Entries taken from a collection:
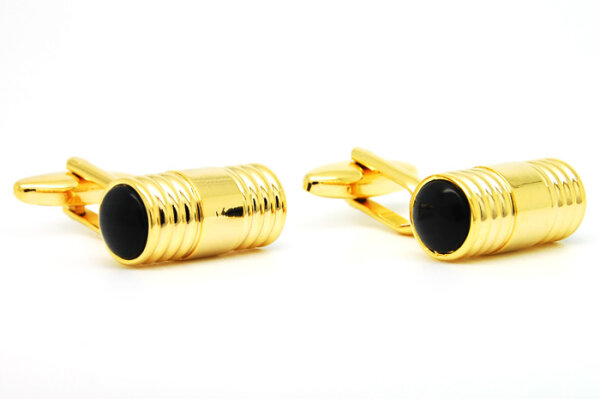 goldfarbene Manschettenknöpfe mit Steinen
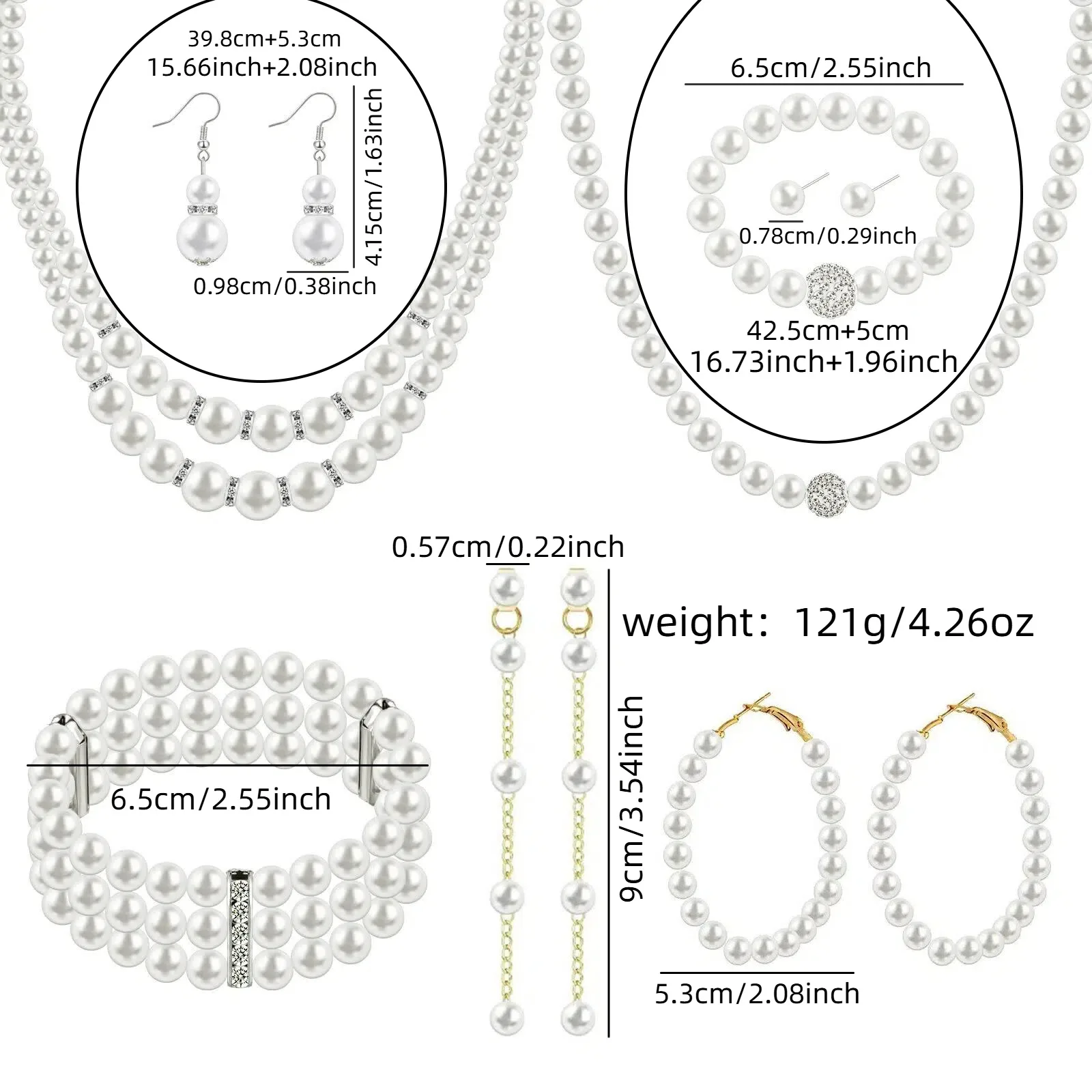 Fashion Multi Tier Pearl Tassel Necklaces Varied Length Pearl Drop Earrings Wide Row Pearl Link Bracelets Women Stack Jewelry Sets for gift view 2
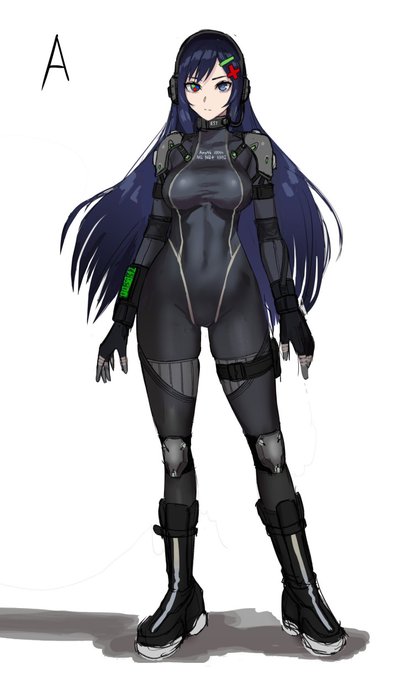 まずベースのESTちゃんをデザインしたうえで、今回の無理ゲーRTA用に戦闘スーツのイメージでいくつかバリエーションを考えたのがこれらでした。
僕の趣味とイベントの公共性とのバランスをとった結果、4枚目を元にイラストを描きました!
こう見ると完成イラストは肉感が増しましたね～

### WHAT IS NEEDED
Leave out the pictures, and please output only the lines from the line that contains "まずベースのESTちゃんをデ" through the end of the data, both ends included.

### WRITTEN ANSWER
 まずベースのESTちゃんをデザインしたうえで、今回の無理ゲーRTA用に戦闘スーツのイメージでいくつかバリエーションを考えたのがこれらでした。
僕の趣味とイベントの公共性とのバランスをとった結果、4枚目を元にイラストを描きました!
こう見ると完成イラストは肉感が増しましたね～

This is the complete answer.